The exact same thing is happening to Hermia as she is being told to marry under the Athenian law that she must do as her father wishes. We also notice that the workmen’s play gives an almost perfect outline to what “Romeo and Juliet” is about, which maybe trying to boost the popularity of “Romeo and Juliet” (one of Shakespeare’s earlier plays’). Although Lysander makes the boldest comments about love in the play, other people in the play make different comments on love which, in a way, support Lysander’s claim.
For example Bottom says: `Methinks, mistress, you should have little reason for that. ‘
This is what Bottom says to Titania as she declares her true love for him after having the `love-in-idleness’ potion put in her eyes. He goes on to over rule what he previously said by saying: `reason and love keep little company together,’ which from this play you could say is a very appropriate statement.

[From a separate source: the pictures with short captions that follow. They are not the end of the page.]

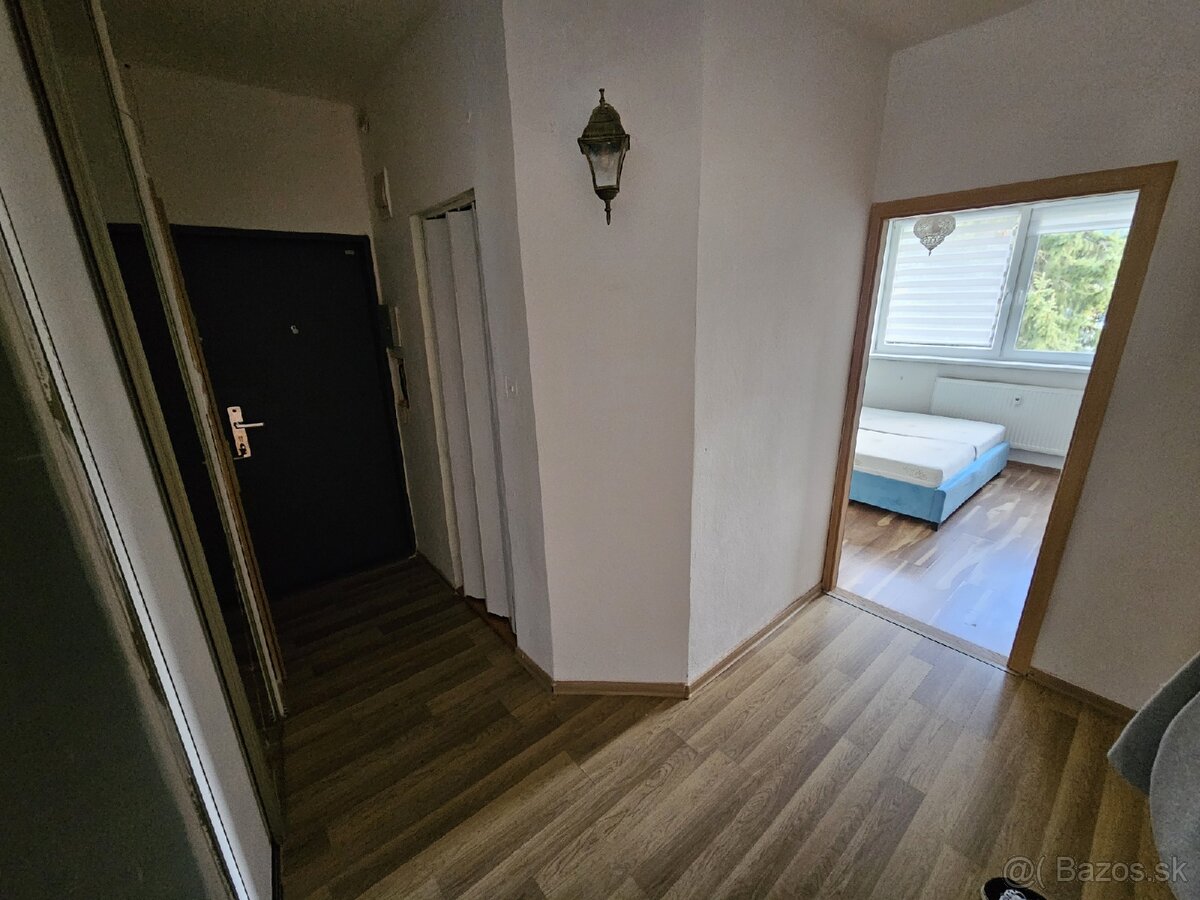 3 izbový byt - Revúca (rezervovane) - 3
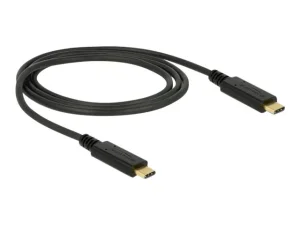 DELOCK USB 3.1 Gen 2 10 Gbps Kabel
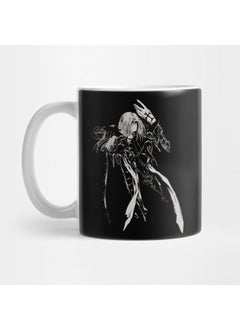 Abel Nightroad Mug Glass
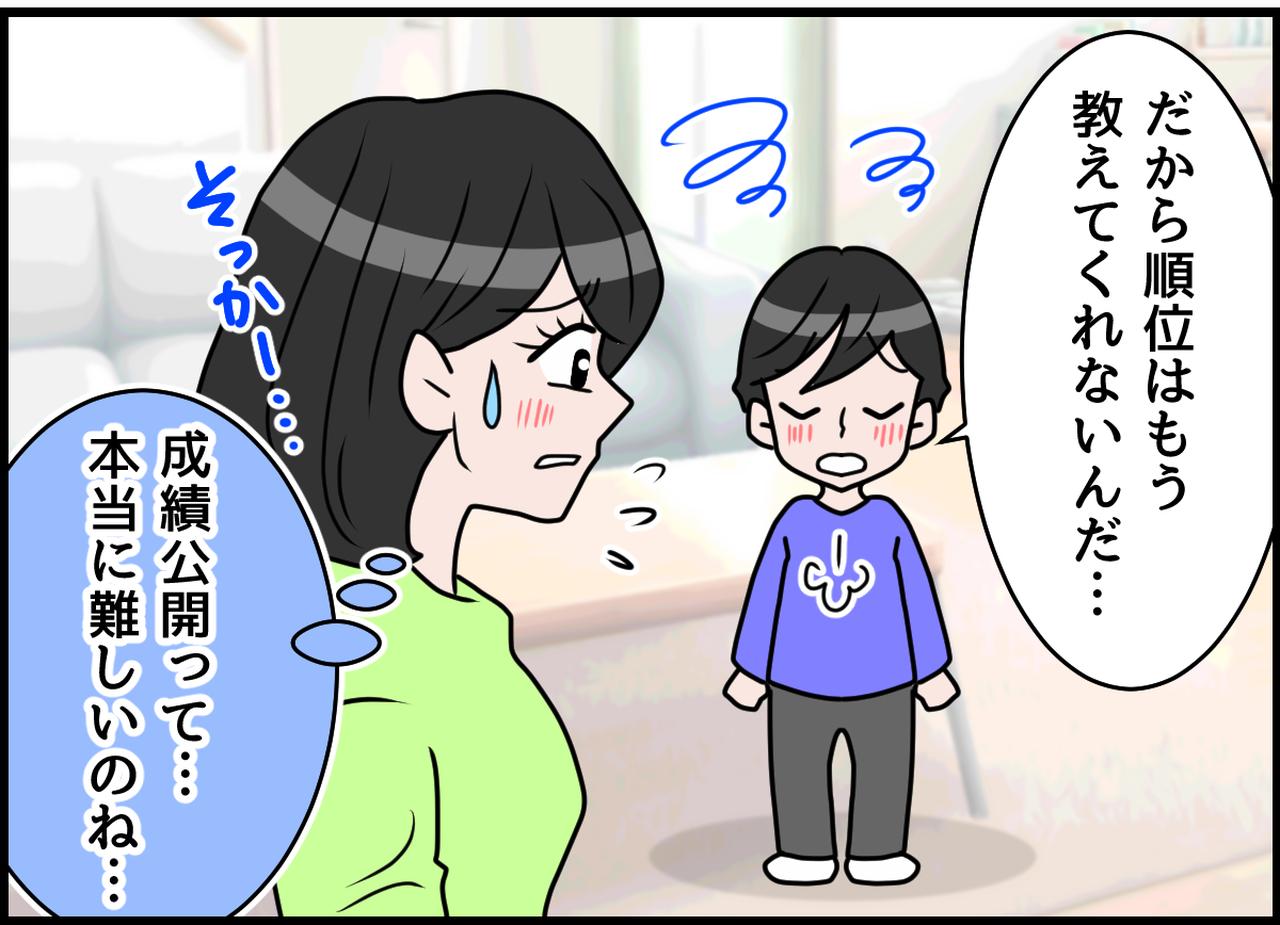 画像4: まさかの好成績！？ 伝えられない学校側の真実！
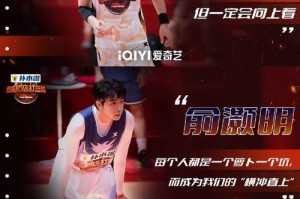 篮球场上的热血传说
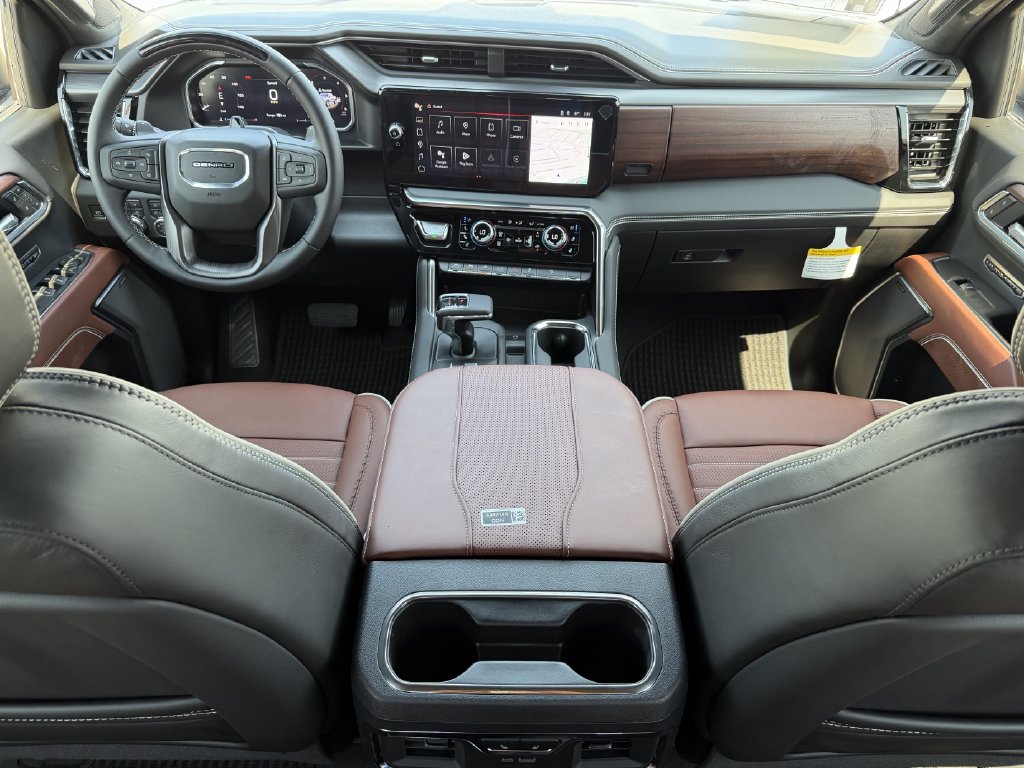 2026 GMC Sierra 1500 Denali Ultimate - Photo 10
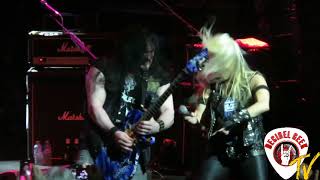 Doro Pesch &amp; Warlock - East Meets West: Live on the Monsters of Rock Cruise 2018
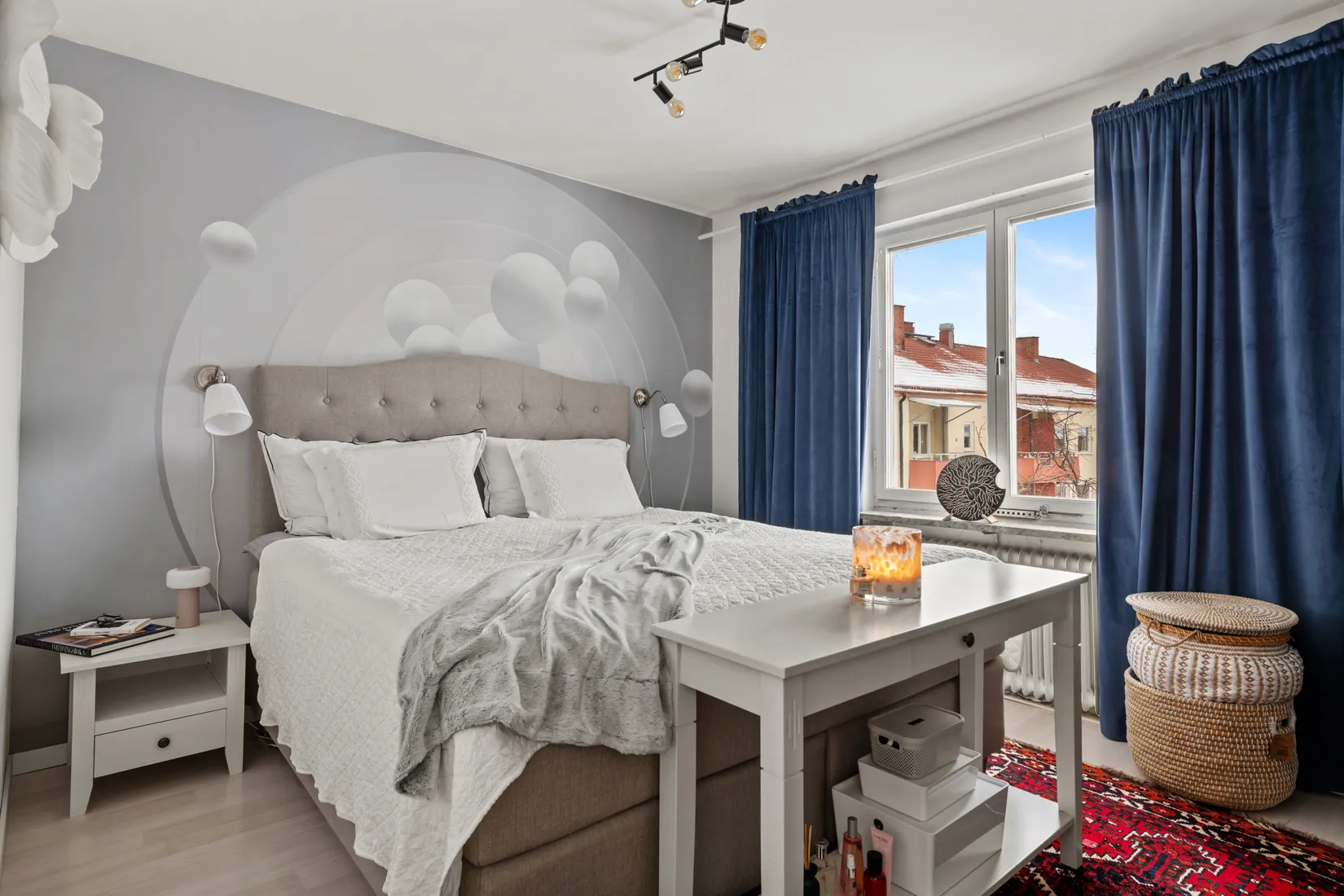 Bostadsrätt, Frötunagatan 11C, Grossgärdet, Norrtälje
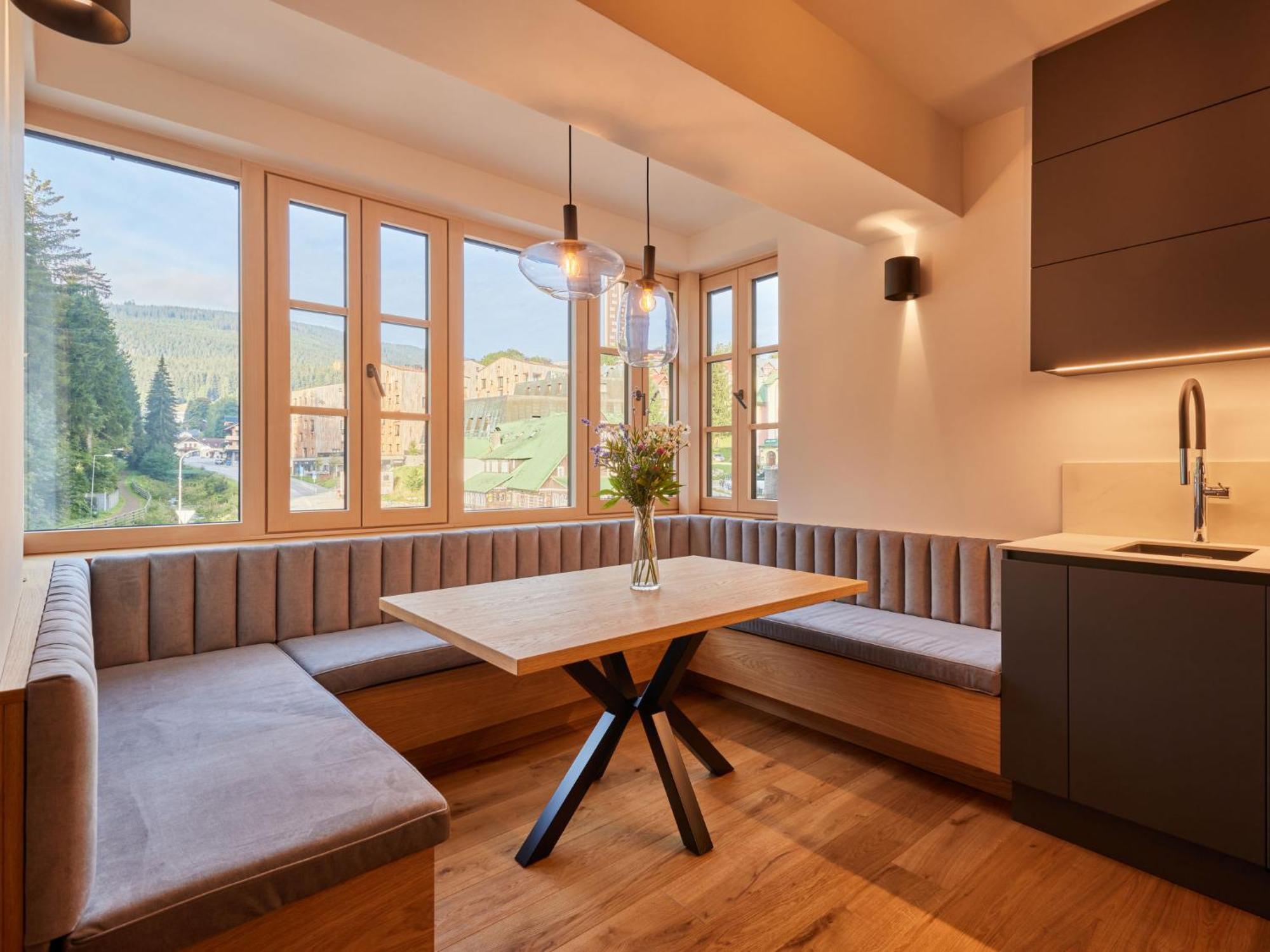 Apartment Maj-3 By Interhome Pec pod Snezkou Εξωτερικό φωτογραφία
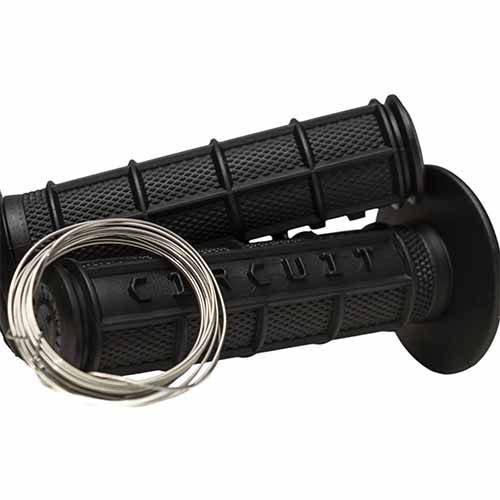 PUÑO II NEGRO (JGO) CIRCUIT MA002-001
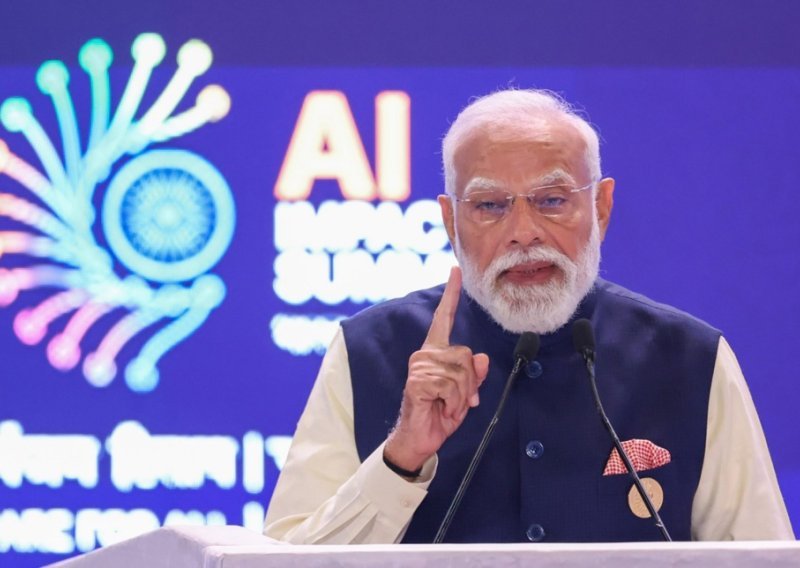 Budućnost umjetne inteligencije: Evo kako je vide svjetski i tehnološki čelnici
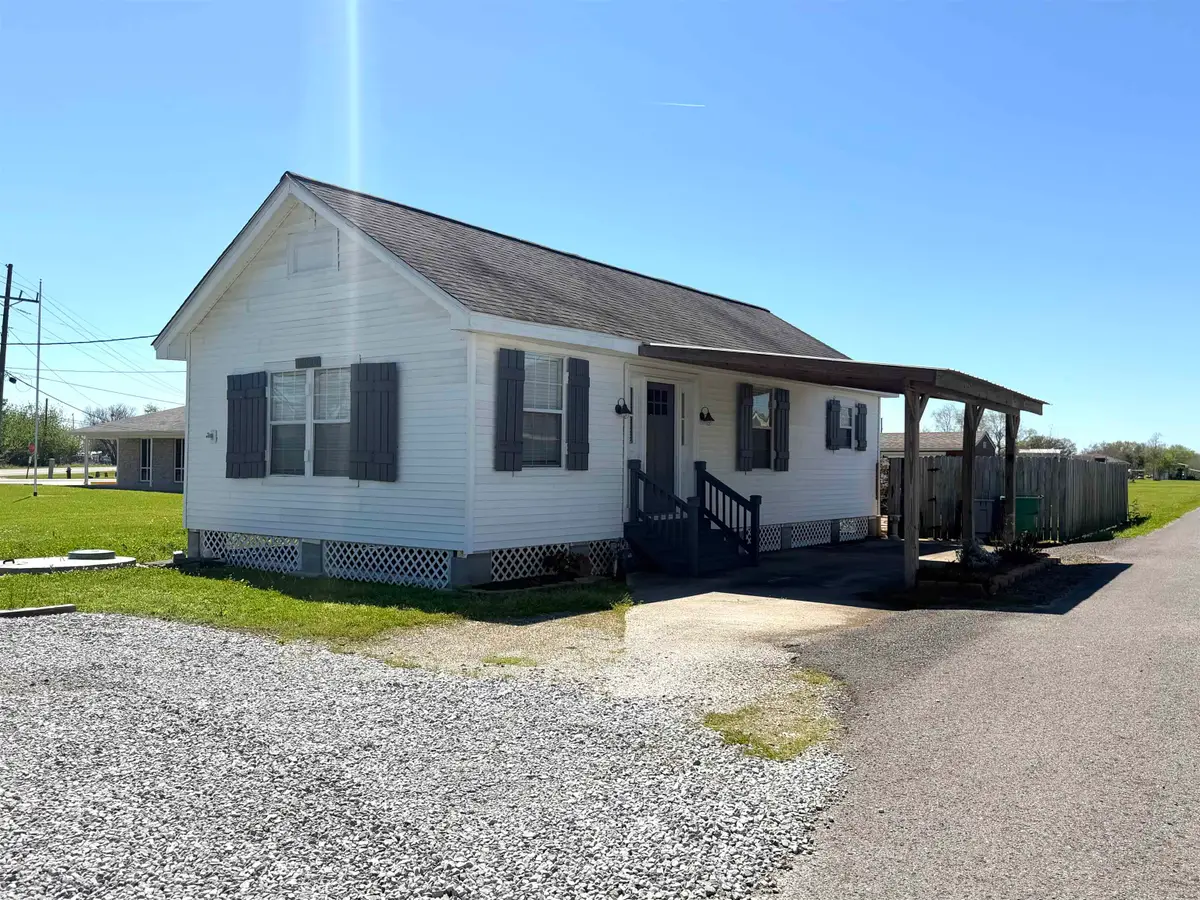 15498 West Main Street, Cut Off, LA 70345 - #1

Theseus also claims that `lovers and madmen are of imagination all compact. ‘ This claim, in terms of this play, is true as we can see from the young lovers in the wood fighting for the love of Helena, Oberon and Titania’s relationship would also back up this claim.
All the people in love behave irrationally at one point during the play, proving even more so that Lysander’s claim was a perfectly valid one. After the whole ordeal in the wood is over and all the young lovers are in harmony, Puck makes this comment about them: `lord what fools these mortals be.
‘ Referring not only do the workmen making their play and the exaggerated lovers are making fools of themselves, but mortals in general. Puck has been given a stereotypical view of mortals from the few he encountered in the wood and he comes to the conclusion that they do nothing but constantly argue and act foolishly.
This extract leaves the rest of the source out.